Critics may charge that FedSoc is just a “debating club” with no fixed “legal agenda,” to use Merriam’s words, and encompasses almost disparate factions on the Right (libertarians and social conservatives). True, but if the organization advocated specific policies, judges would be precluded by ethical rules from participating. FedSoc’s only agenda is restoring the rule of law envisioned by the American Founders.
FedSoc is not static, and the focus on debate creates a marketplace of ideas that winnows out the losers. In the past decade, various theories were advanced on the Right, given a platform by FedSoc, and disappeared for want of a following, such as right-on-crime (criminal justice reform), “judicial engagement” (libertarian judicial activism), and “common-good originalism,” which was motivated by the perception that “original” originalism had stalled. Of course, Dobbs and SFFA v. Harvard showed that patience has its virtues.
FedSoc is dynamic, just as conservative politics is dynamic. Tellingly, FedSoc increasingly showcases conservative talent from outside the Beltway. Fifth Circuit Judge Andrew Oldham, author of the epic 130-page dissent in W.M.M. v. Trump (an Alien Enemies Act case) that persuaded his court to grant rehearing en banc, delivered the 24th Annual Barbara K. Olson Memorial Lecture at this year’s FedSoc National Lawyers Convention. Similarly, MAGA-friendly South Texas College of Law professor Josh Blackman has supplanted familiar Acela corridor scholars as a leading legal commentator for both FedSoc and The Heritage Foundation.

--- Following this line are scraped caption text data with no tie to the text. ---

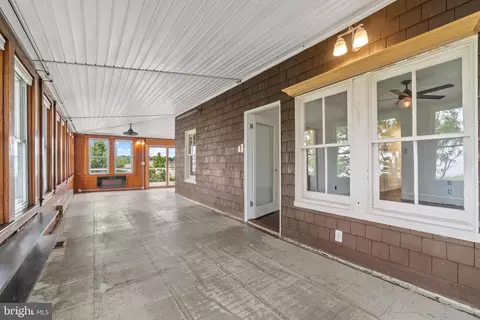 Exterior - 8603 Bay Rd, Pasadena, MD 21122 photo 17 of 17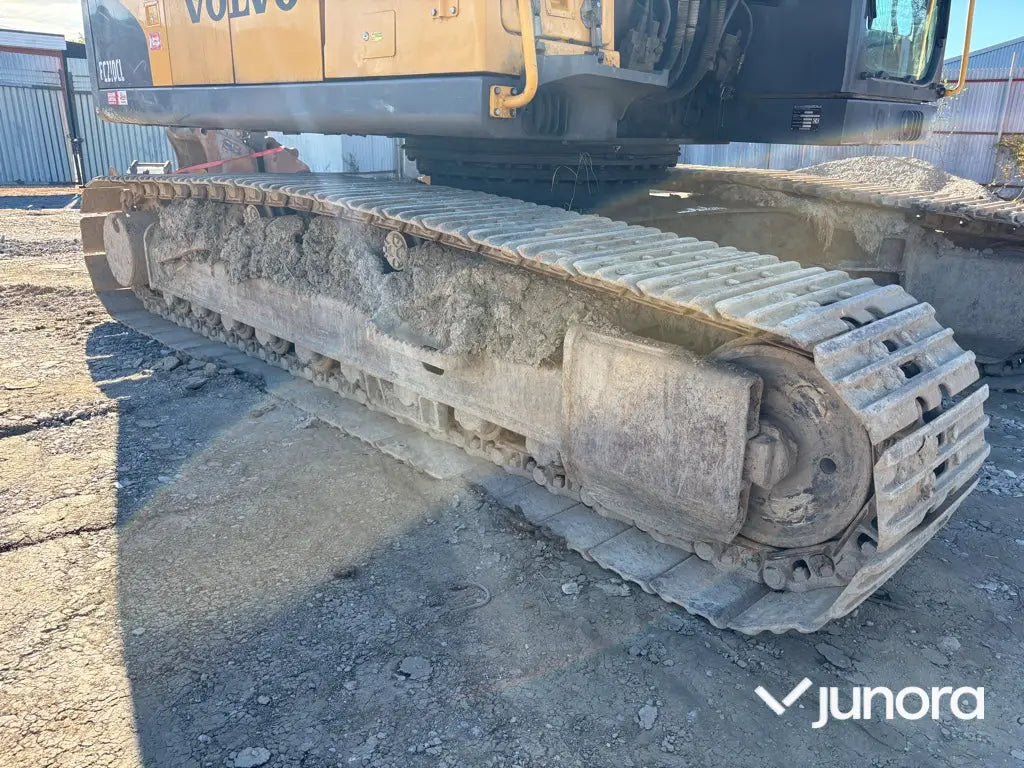 Grävmaskin Volvo EC210CL med tiltrotator och redskap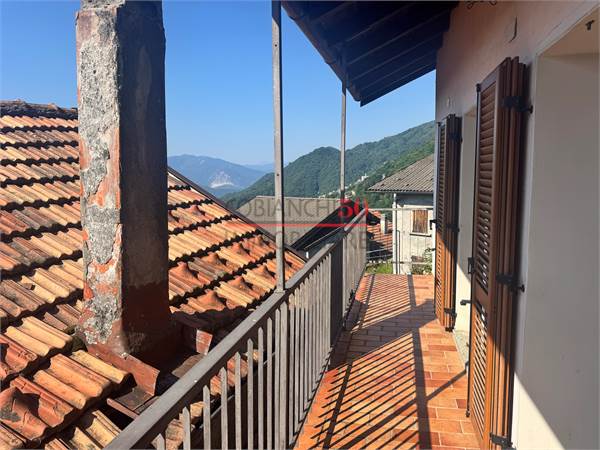AURANO , BILOCALE ULTIMO PIANO , RISTRUTTURATO COMPLETAMENTE 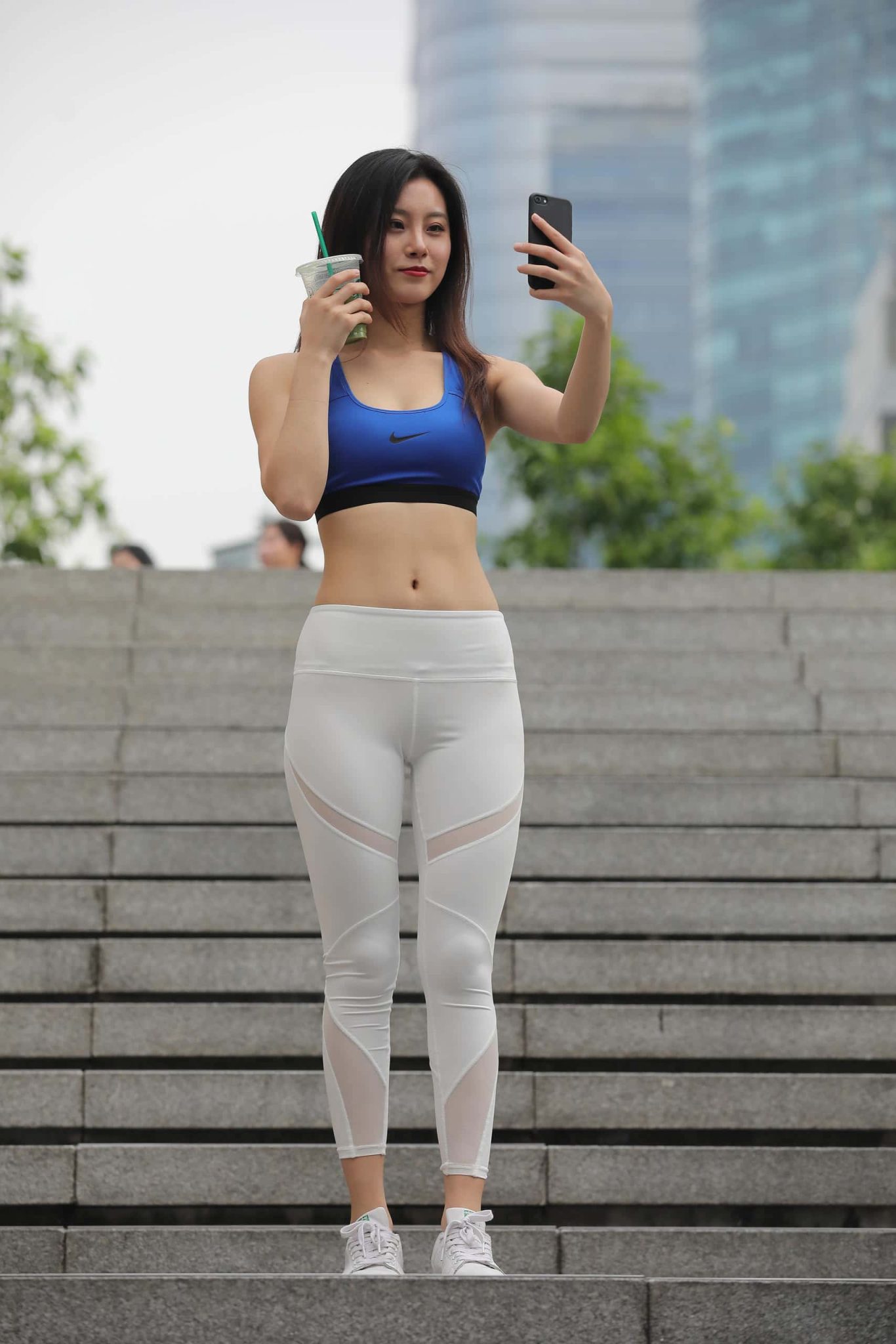 图片[2]-P0118 白色紧身瑜伽裤美女【590P】-图嘿嘿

The conservative legal movement is not monolithic, because the Right consists of a diverse assortment of factions with different points of view. This distinguishes us from the activists on the Left, who largely march in lockstep in their common quest for power and control. This is a strength of our movement.
The conservative legal movement, like conservative politics in general, continues to evolve due to shifting challenges, personalities, and circumstances. President Trump’s election in 2016 and re-election in 2024 will continue to alter the course of the Supreme Court for decades. The movement cannot be divorced from conservative politics in general. As Merriam has noted elsewhere, the conservative legal movement “must have in place a powerful electoral constituency,” that is, popular support. This means we face both political and cultural issues.
Has originalism become obsolete in 2025? Is Merriam right that it consists only of “technocratic exercises,” “performative jousting over narrow interpretive questions,” and “shadow-boxing legal liberalism”? Does originalism reflect a stagnant (or “calcified”) strategy “designed for a different country and a different time”? I don’t think so. Originalism is manifestly working. Courts are not legislatures. Per Federalist 78, they have “no influence over either the sword or the purse…and can take no active resolution whatever. [The judiciary] may truly be said to have neither FORCE nor WILL, but merely judgment.”
Jettisoning this limited role in lieu of becoming “guardians of our social order” and stewards of “civilizational restoration” would abandon the premises of our Constitution. It would create a “bevy of Platonic guardians” who would be indistinguishable from the left-wing judicial activists under the New Deal and the Warren and Burger courts, whose destructive handiwork we are in the process of undoing. Conservatives, unlike leftist apparatchiks, should honor the Constitution and the blessings of liberty it was designed to foster.